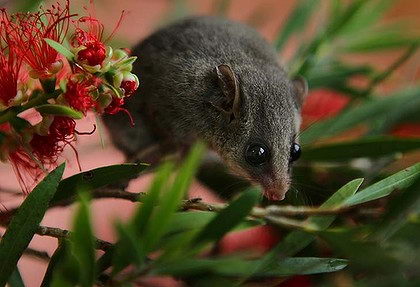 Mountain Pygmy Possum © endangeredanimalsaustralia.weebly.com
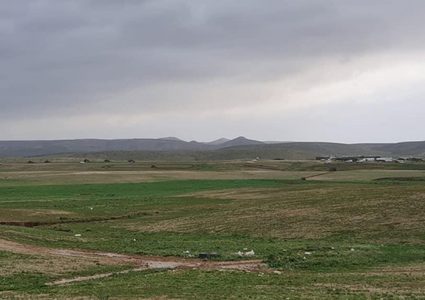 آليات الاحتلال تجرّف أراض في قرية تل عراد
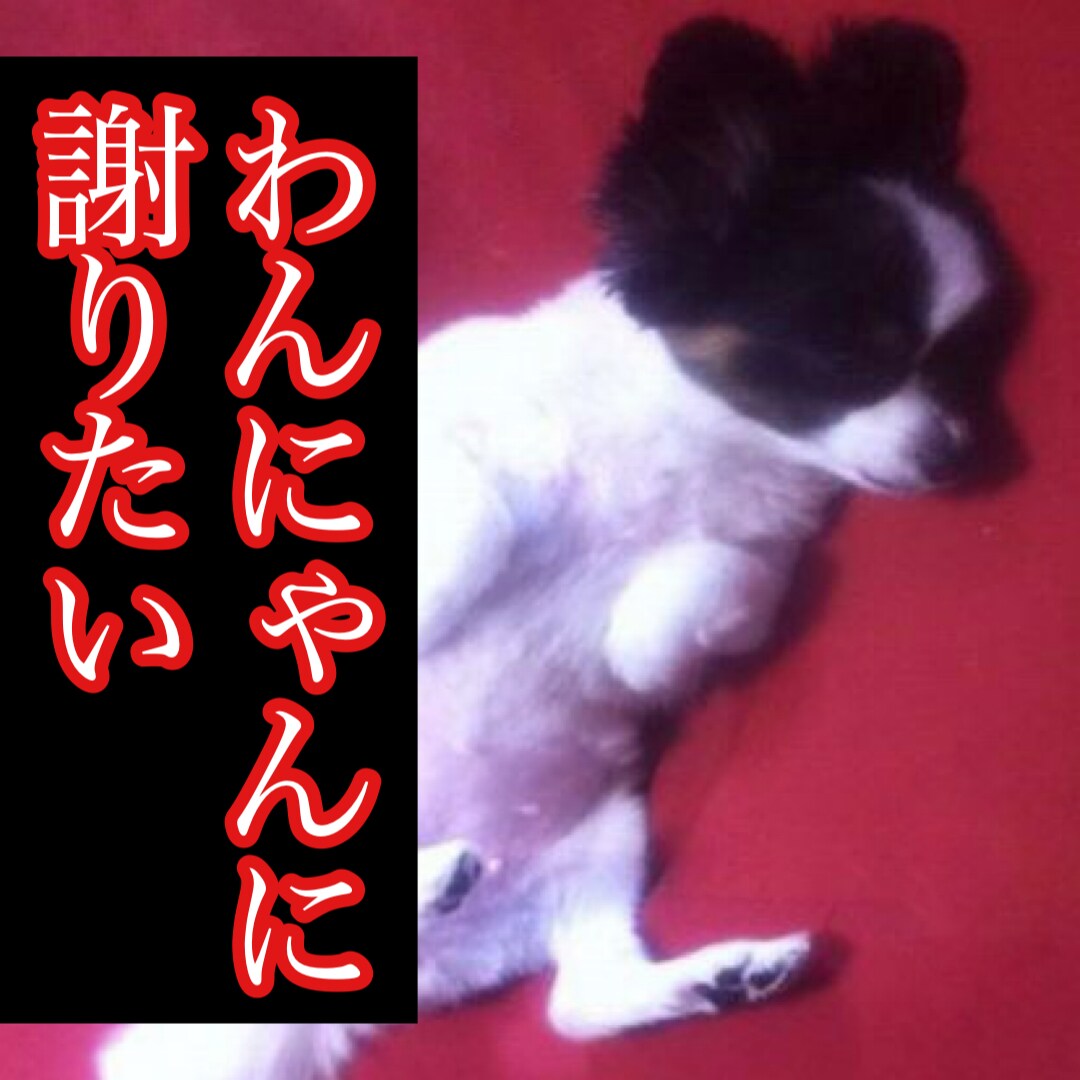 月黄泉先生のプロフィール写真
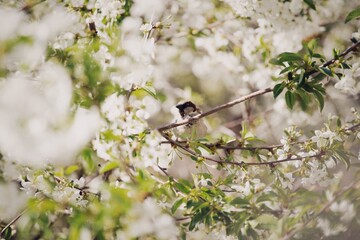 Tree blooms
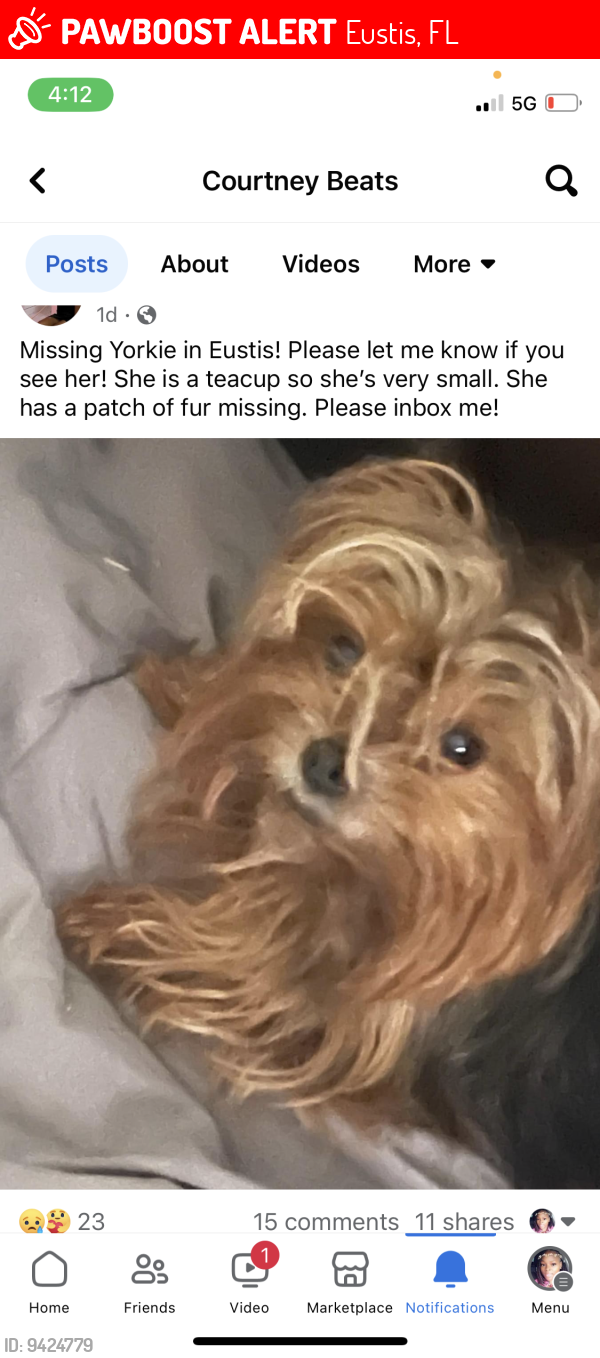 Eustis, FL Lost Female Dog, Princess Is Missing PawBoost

* * * * *

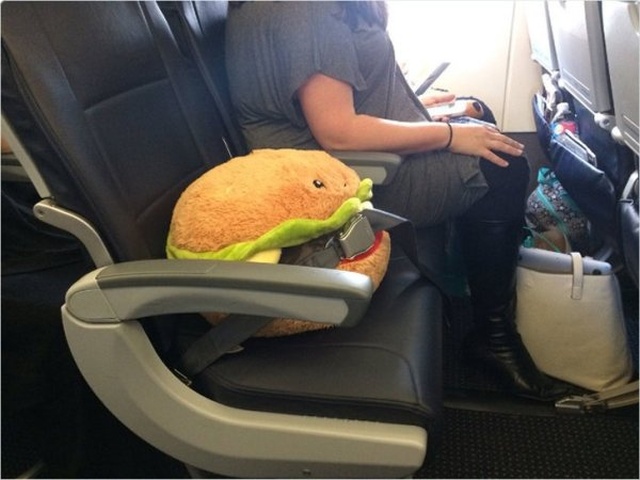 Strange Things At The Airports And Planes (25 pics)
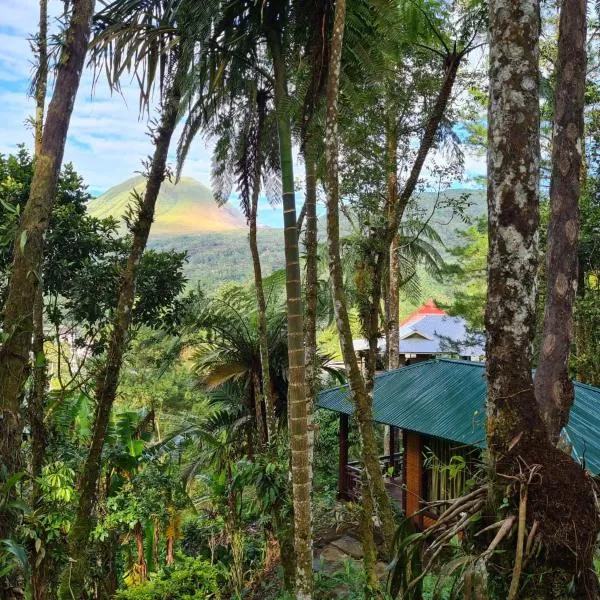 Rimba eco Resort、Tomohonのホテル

* * * * *

» **WORK REQUEST**:
Transcribe the listing above exactly, but only from the line with "Strange Things At" through the line with "Rimba eco Resort、Tomohonのホテル". Include both of those lines and omit the pictures.

» **SOLUTION TO THIS TASK**:
 Strange Things At The Airports And Planes (25 pics)
 Rimba eco Resort、Tomohonのホテル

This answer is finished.